Father, Gerhard Rutsch  (video)

The dialog then continued for a while longer and both my mother and sister-in-law got up and had big hugs.  At the end, I have this memory of both of them sitting on the sofa together, snuggled up and ‘melted’ into each other and holding hands. For me this event is an example of emotional or mirrored empathy. I was advocating for a culture of empathy, which is to create an environment of mutual empathic connection and understanding among everyone.  

Follow-Up Empathic Actions

This event had some follow up empathic actions as well.  A couple of months later, my sister and my sister-in-law, who had an underlying conflict for the past 8 years were willing to take part in a Restorative Empathy Circle that I facilitated. This is a more formalized empathic connection building  process for addressing conflict.  After four hours they were able to effectively address emotional issues they had been dealing with for these many years.  This then led to a series of other family empathy circles that we have done since.

At the end of a four hour Restorative Empathy Circle with my sister and sister-in-law.

Also, below is an email my sister-in-law sent me after the family ‘empathy circle.’ It shows the beneficial effect of the empathy.

Dear Edwin,

…I wanted to say that I really appreciate the empathy circle that you conducted ... on Christmas. It was for the first time since I joined the family 8 years ago that we were able to talk and to listen to each other. It was very meaningful to be heard and empathized with, as well as to hear for the first time how others feel. I don't think I ever felt heard by your Mom before that night, because she has a tendency to interrupt and talk only about her life. Thank you for helping her listen and reflect. I think that evening brought some healing to our family relationships. While I am not proud of getting angry at Mom and prompting you to conduct an empathy circle, I am very thankful that you helped the evening end in such a positive way.

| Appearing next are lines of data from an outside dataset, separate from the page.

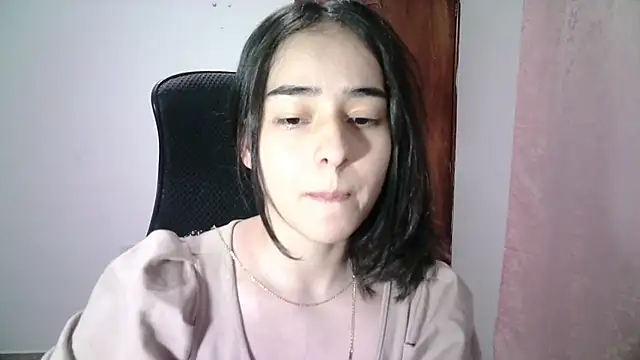 aineangeel online show from 10.08.25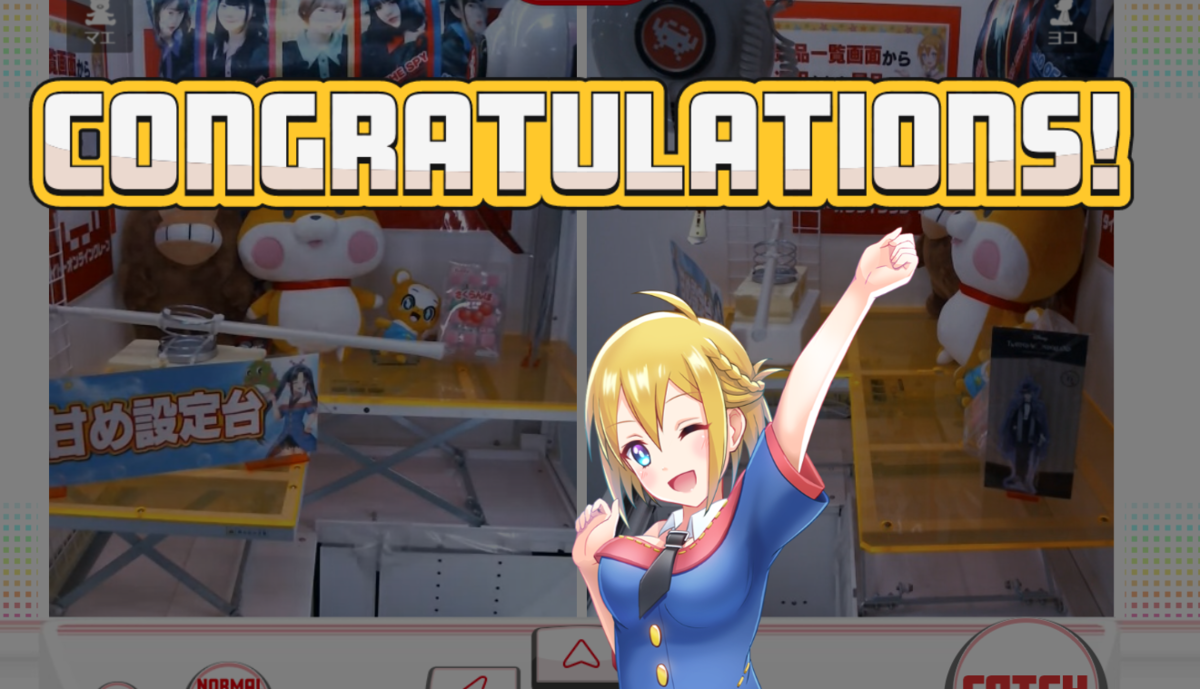 f:id:asarinomisosoup:20210319082818p:plain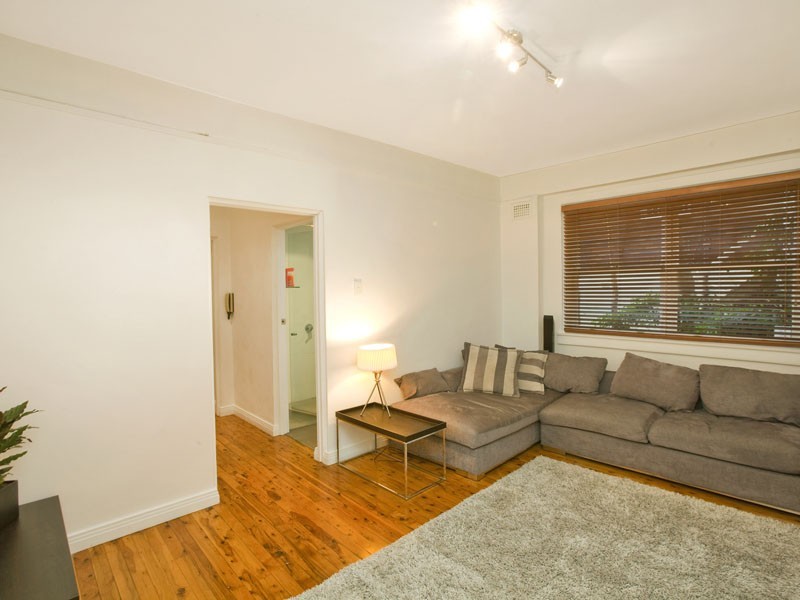 3/161 Victoria Road, Bellevue Hill NSW 2023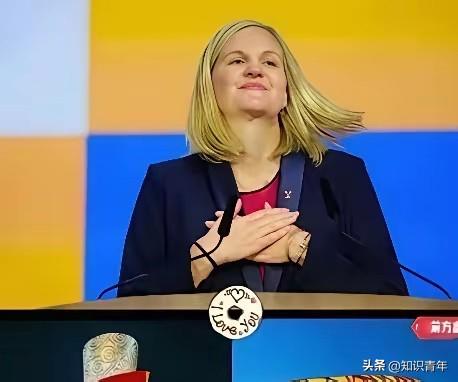 为什么说中国以后都不会再申办奥运会了？原因其实并不复杂。悉尼靠贿赂两票抢走200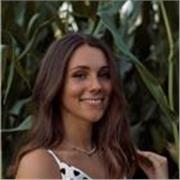 Cerchi un tutor per le tue ripetizioni di inglese? Scrivimi! 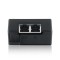 Accesoriu Retea ZyXEL POE12-60W, Single-Por, PoE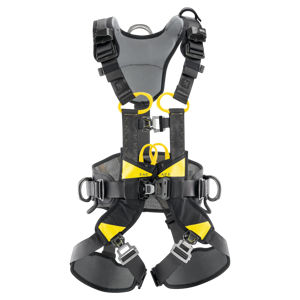 volt-versione-europea-petzl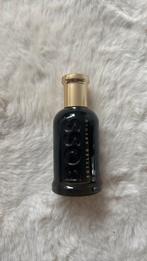 Hugo Boss Bottled Absolu 50ml EDP, Verzenden, Zo goed als nieuw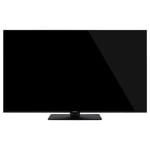 TV LED Panasonic TB 55W60AEZ 55" 4K UHD (2160p)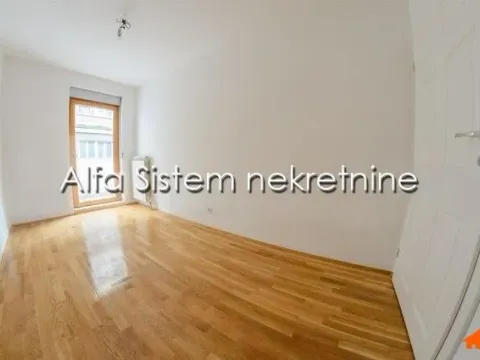 Izdavanje, stan, 93m², Stari Grad, Beograd - image 15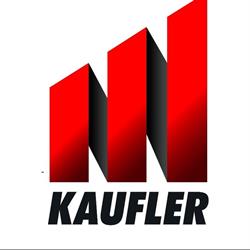 Kaufler S.A.S., Loudéac - Horaires d'ouverture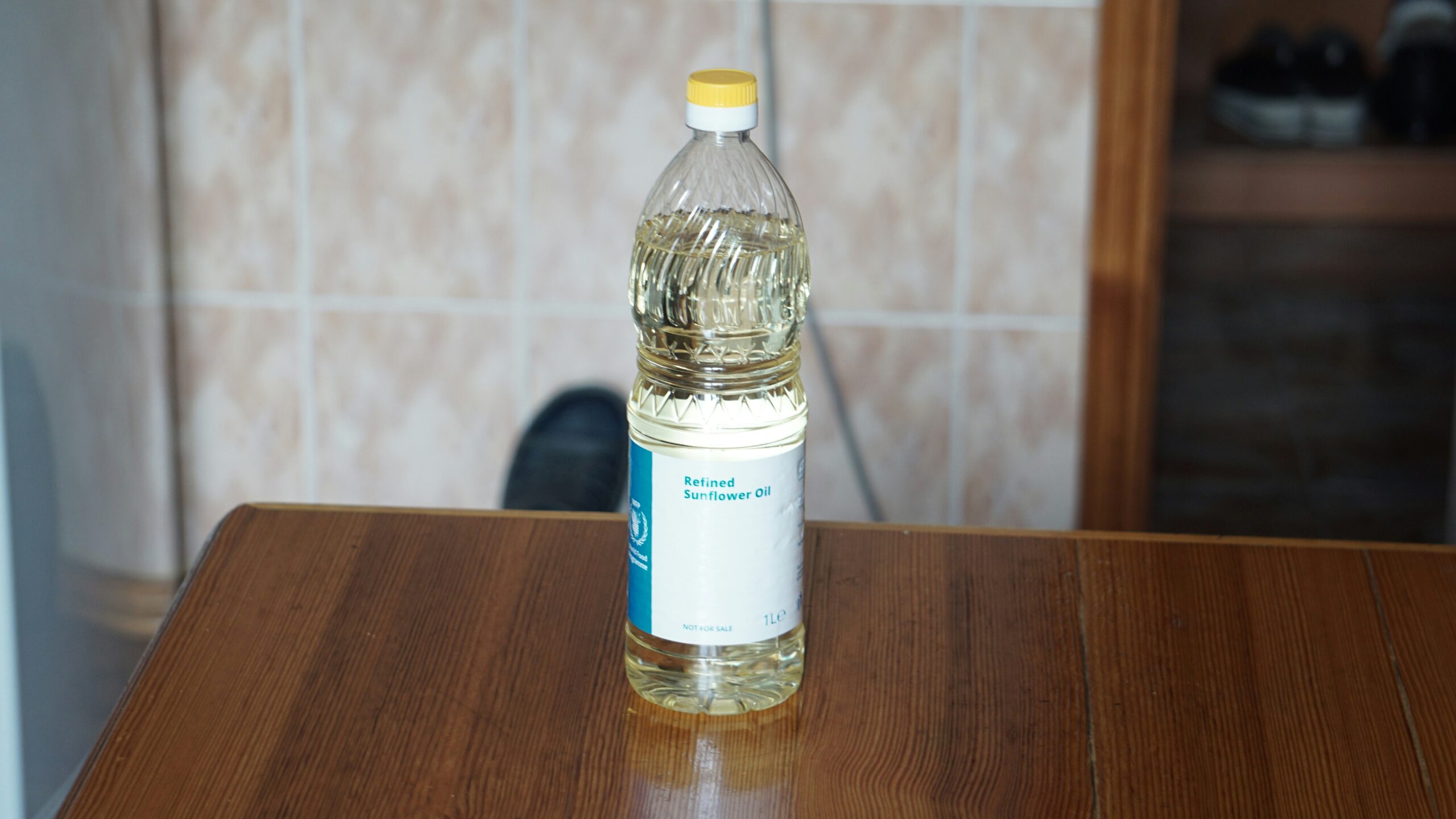 Can Certain Medical Conditions Cause Strong-smelling Urine?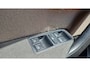 Volkswagen Polo 1.2 TSI Cross 105PK | Rijklaar | LMV | Cruise | Airco | Elektrisch pakket | NAP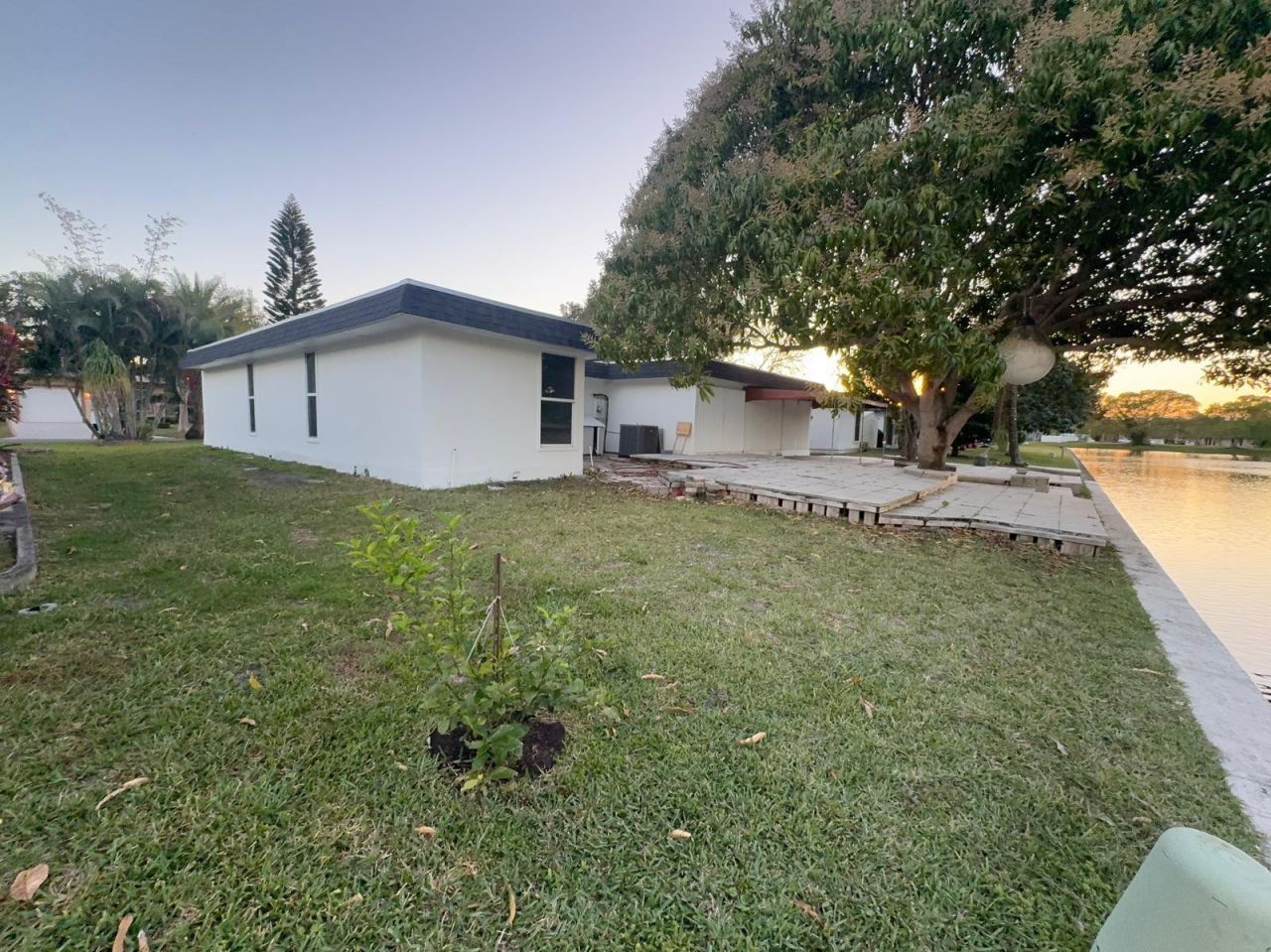 7007 NW 64th Street, Tamarac, FL 33321 Photo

…That night as we drove home, C. and I talked about the empathy circle we experienced. C. said he thought you are very good at mediating and helping others practice reflective listening. Since then, any time we have a misunderstanding, we try to sit down and have reflective listening. If I feel myself getting frustrated with C., instead of just talking angrily I tell him, "I think I need an empathy circle," and it really helps us. It helps me de-escalate because I know I will be heard without having to yell and be angry, and it helps him because he knows that if he is listening and reflecting, I will speak calmly and respectfully. So we both win, and our communication is improving.

While my parents were visiting here, C. and I talked with my Mom about a couple of things that have stood between us for years, causing both of us a lot of pain. C. took charge as our mediator and helped us talk, listen, and reflect. Of course, he does not have as much experience as you in doing empathy circles, so it wasn't as smooth, especially initially, but the presence of a mediator who guided us was very helpful nevertheless. My Mom and I understood that we love each other and do not want to hurt each other. We agreed that we both want to have a relationship, but we need to learn to communicate in a new, positive and constructive way in order to enjoy the relationship. I think we achieved empathy, and it is gradually bringing healing to our relationship. Empathy can be contagious, don't you think? With love, V.